3D Displays: Hardware, Human-Computer Interfaces,

and Human Spatial Perception

Spring 2006

Revision: 1.0

The project is worth 35% of the final grade. Students should propose a project related to 3D displays. The facilities of the VisCenter are available to all students in the class. Students may work either in groups or alone. The scope and amount of work done for a group project should reflect the fact that more students are working on the project. In general the project definition is quite open ended. Development of software programs, literature reviews of papers not covered in class and hardware projects are all possible options. In the early parts of the semester, we read a literature review (from Prof.
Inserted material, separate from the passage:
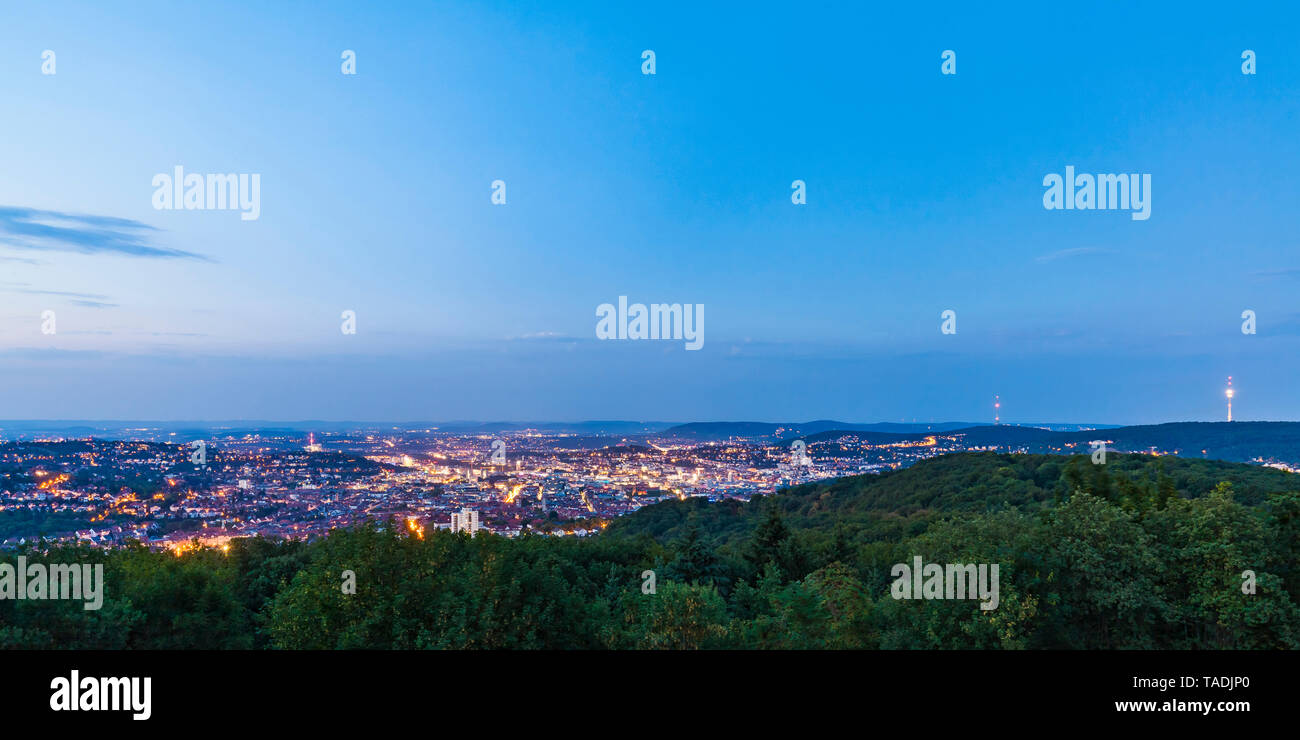Germany, Baden-Wuerttemberg, Stuttgart, Cityscape with TV Tower at blue hour, View from Birkenkopf Stock Photo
Wartell’s thesis) that references many studies and algorithms centered on 3D displays. Many of these referenced papers were only briefly summarized in this reading and could be an avenue for a class project. Here some random bits and pieces of ideas that could be expanded or combined into a project for this course. (Note, user studies using subjects beyond the project leaders may be subject to IRB approval).
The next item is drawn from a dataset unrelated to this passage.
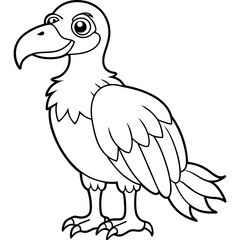 Cartoon vulture line art vector illustration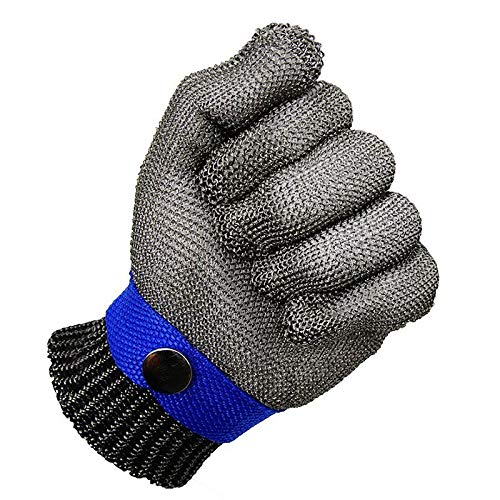 JVSISM Guantes Resistentes Al Corte - Carnicero De Malla De Alambre De Acero Inoxidable Guantes De Trabajo De Seguridad Para Corte De Carne, Pesca (Extra Grande)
-Perform a registration experiment study on the stereo display in the VisCenter

-Examine the effect of distorting the display stereoscopic space on a 3D object selection task using 6DOF tracking devices

-Examine the effect of adding depth of field blur (GPU programming perhaps) on subject perception of diplopia. One idea is to assume the user is fixated on a 3D cursor being used for some 3D manipulation task and make the depth of field centered on that cursor.

-Verify and compare various fusion control distortion methods

-Investigate fastest way to read information from z-buffer for fusion control algorithms (GPU programming), i.e. try lots of ideas and experimentally see which runs the fastest on modern graphics cards

-Build additional 3D controllers for use in virtual environment interaction tasks

-Explore ways of improving stereoscopic rendering – ray-tracing, discrete ray tracing, OpenGL style rendering

-Write a 3D application (non-stereo) that illustrates various distortions caused by fusion control algorithms in stereoscopic displays.

-Write a sophisticated and advanced random dot stereogram generator

-Experimentally study display characteristics of stereo displays in VisCenter,

-study/measure mirror affect on polarization and ghosting

-measure ghosting across color range/brightness range

-Implement some interesting interactive 3D stereoscopic application

Due Dates and Deliverables:

-Project Proposal – Monday February 20th

-Prof. Wartell will review proposal and set meeting times for each student/group to discuss any needed additions or revision by 27th.